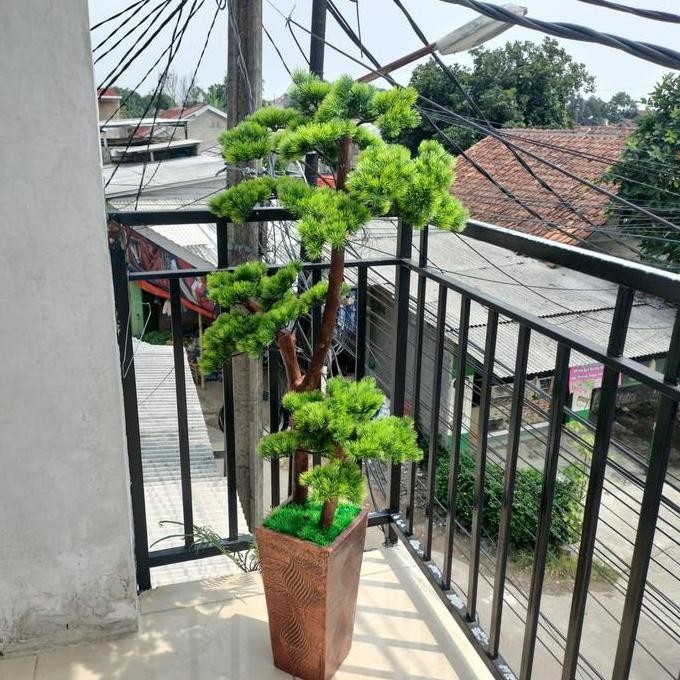 Pohon Bonsai Cemara Udang/Bonsai Cemara Udang Artificial/ Pohon Bonsai Tinggi 1,5 M Co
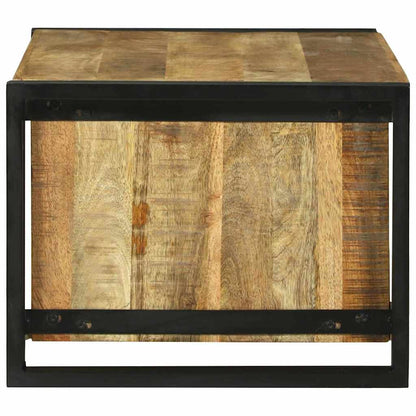 Salongbord Sofabord Brun 90 x 50 x 38 cm Heltre grovt mangotre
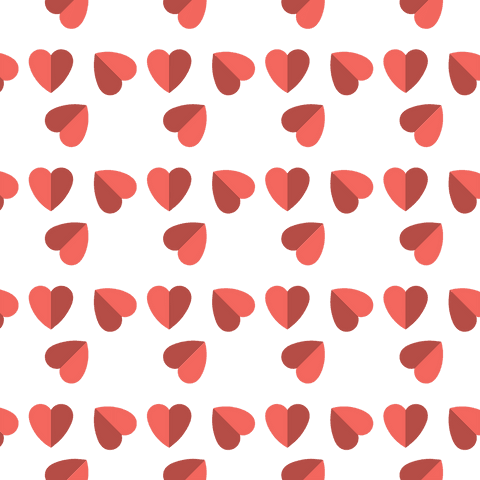 red heart pattern repeating on transparent background - Download Free Stock Videos Pikwizard.com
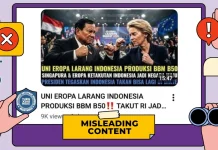 Hoaks: Uni Eropa Larang Indonesia Produksi BBM B50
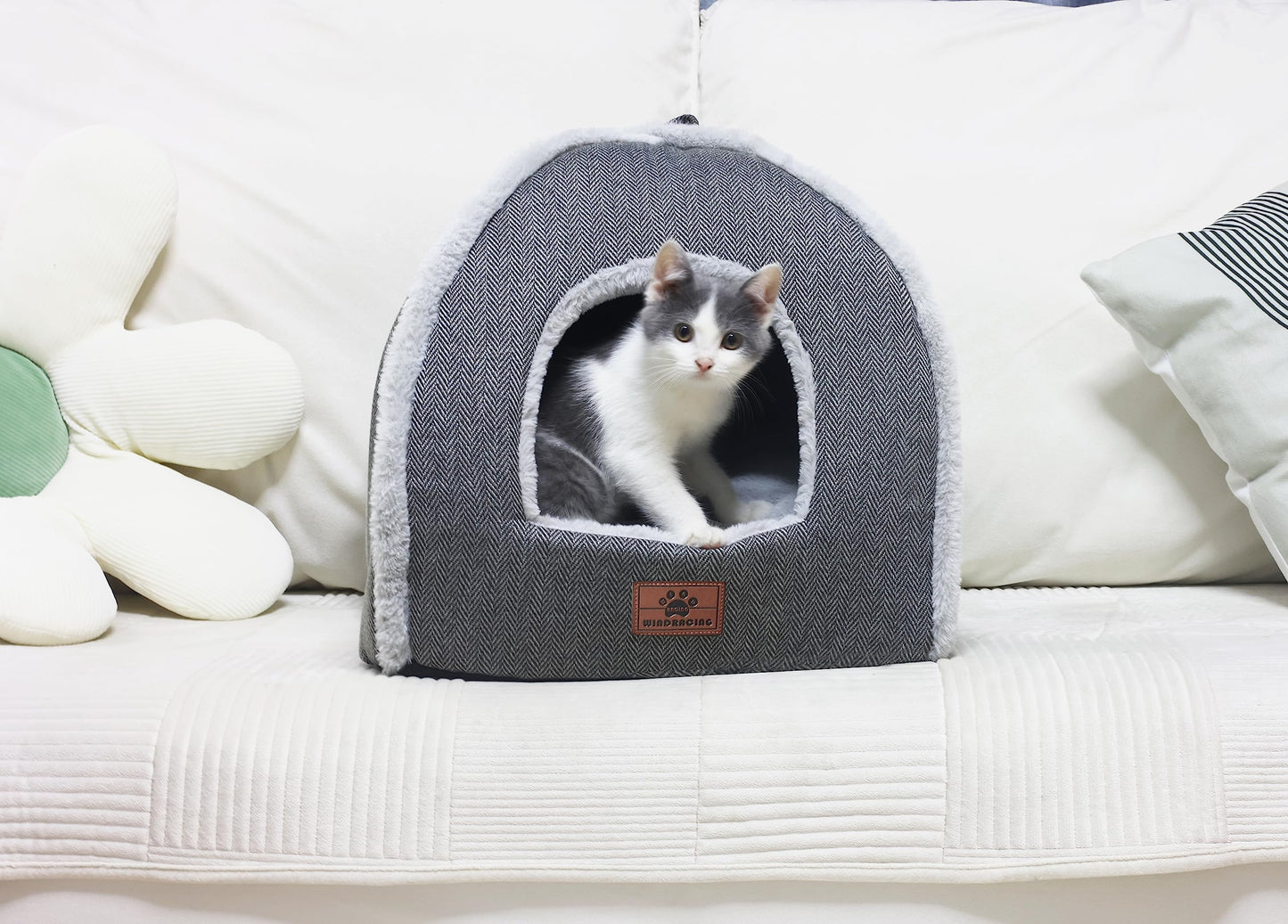Cat Bed for Indoor Cats Cat Cave Bed Cat House Cat Tent with Bed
■ ■ ■ ■
→ WHAT IS EXPECTED
Before you return the listing, strip out its pictures; all else must match exactly.

→ RESPONSE
 Pohon Bonsai Cemara Udang/Bonsai Cemara Udang Artificial/ Pohon Bonsai Tinggi 1,5 M Co
 Salongbord Sofabord Brun 90 x 50 x 38 cm Heltre grovt mangotre
 red heart pattern repeating on transparent background - Download Free Stock Videos Pikwizard.com
 Hoaks: Uni Eropa Larang Indonesia Produksi BBM B50
Cat Bed for Indoor Cats Cat Cave Bed Cat House Cat Tent with Bed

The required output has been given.